Immense swarms of winged Ants are occasionally met with, and some have been recorded of such prodigious density and magnitude as to darken the air like a thick cloud, and to cover the ground or water for a considerable extent where they settled. We find in the memoirs of the Berlin Academy a description of a remarkable swarm, observed by M. Gleditch, which from afar produced an effect somewhat similar to that of an Aurora Borealis, when, from the edge of the cloud, shoot forth by jets many columns of flame and vapor, many rays like lightning, but without its brilliancy. Columns of Ants were coming and going here and there, but always rising upward, with inconceivable rapidity. They appeared to raise themselves above the clouds, to thicken there, and become more and more obscure. Other columns followed the preceding, raised themselves in like manner, shooting forth many times with equal swiftness, or mounting one after the other. Each column resembled a very slender net-work, and exhibited a tremulous, undulating, and serpentine motion. It was composed of an innumerable multitude of little winged insects, altogether black, which were continually ascending and descending in an irregular manner.[571] A similar kind of Ants is spoken of by Mr. Accolutte, a clergyman of Breslau, which resembled columns of smoke, and which fell on the churches and tops of the houses, where they could be gathered by handfuls. In the German Ephemerides, Dr. Chas. Rayger gives an account of a large swarm which crossed over the town of Posen, and was directing its course toward the Danube. The whole

town was strewed with Ants, so that it was impossible to walk without crushing thirty or forty at every step. And more recently, Mr. Dorthes, in the Journal de Physique for 1790, relates the appearance of a similar phenomenon at Montpellier. The shoals moved about in different directions, having a singular intestine motion in each column, and also a general motion of rotation. About sunset all fell to the ground, and, on examining them, they were found to belong to the Formica nigra of Linnæus.[572]

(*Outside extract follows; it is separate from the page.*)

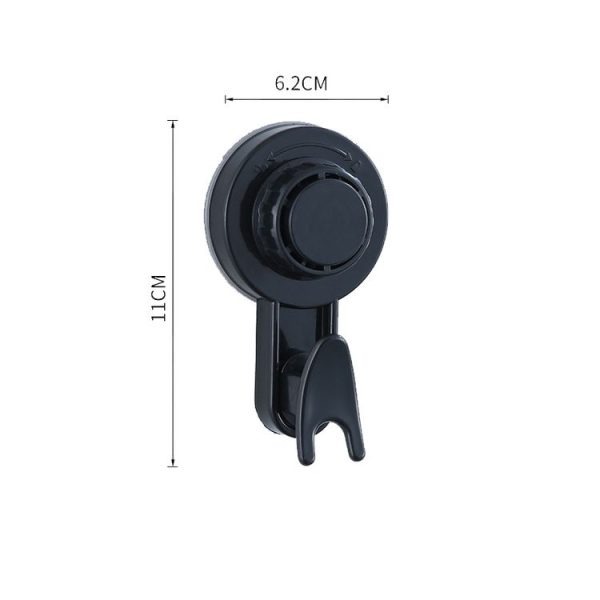 Wall Strong Suction Cup Hook Punch Free Rotating Multi-Purpose Hooks (Black) - Image 2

“In September, 1814,” says Dr. Bromley, surgeon of the Clorinde, in a letter to Mr. MacLeay, “being on the deck of the hulk to the Clorinde (then in the river Medway), my attention was drawn to the water by the first lieutenant observing there was something black floating down the tide. On looking with a glass, I discovered they were insects. The boat was sent, and brought a bucketful of them on board; they proved to be a large species of Ant, and extended from the upper part of Salt-pan Reach out toward the Great Nore, a distance of five or six miles. The column appeared to be in breadth eight or ten feet, and in height about six inches, which I suppose must have been from their resting one upon another.”[573] Purchas seems to have witnessed a similar phenomenon on shore. “Other sorts of Ants,” says he, “there are many, of which some become winged, and fill the air with swarms, which sometimes happens in England. On Bartholomew, 1613, I was in the island of Foulness, on our Essex shore, where were such clouds of these flying pismires, that we could nowhere flee from them, but they filled our clothes; yea, the floors of some houses where they fell were in a manner covered with a black carpet of creeping Ants, which they say drown themselves about that time of the year in the sea.”[574]